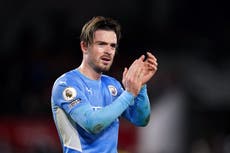 Jack Grealish told to ignore statistics in bid to prove worth at Man City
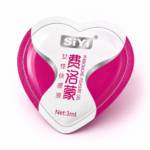Gel para Placer Femenino con Feromonas 3 ml | Intenso - Imagen 2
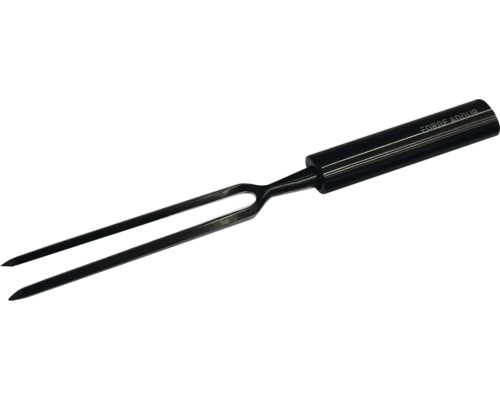 Fourchette à viande Forge Adour Fourchette à viande en métal avec long manche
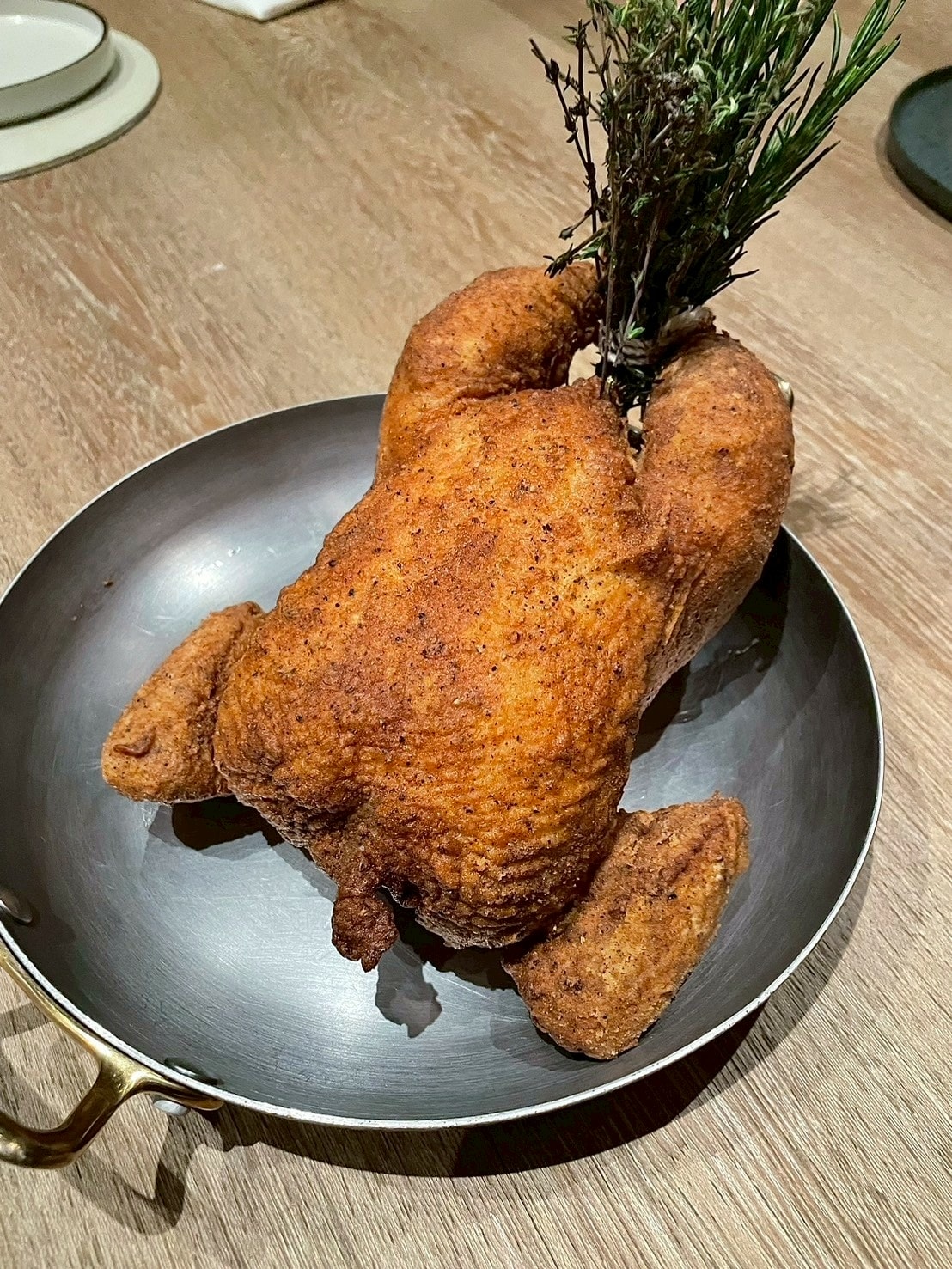 食記TIPSY SparrowLe Méridien T 食記TIPSY SparrowLe Méridien T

__WORK TO BE COMPLETED__
Pictures do not belong in the copy. Repeat exactly each line from the one with "Gel para Placer" through the end of the listing.

__SOLUTION BELOW__
Gel para Placer Femenino con Feromonas 3 ml | Intenso - Imagen 2
 Fourchette à viande Forge Adour Fourchette à viande en métal avec long manche
 食記TIPSY SparrowLe Méridien T 食記TIPSY SparrowLe Méridien T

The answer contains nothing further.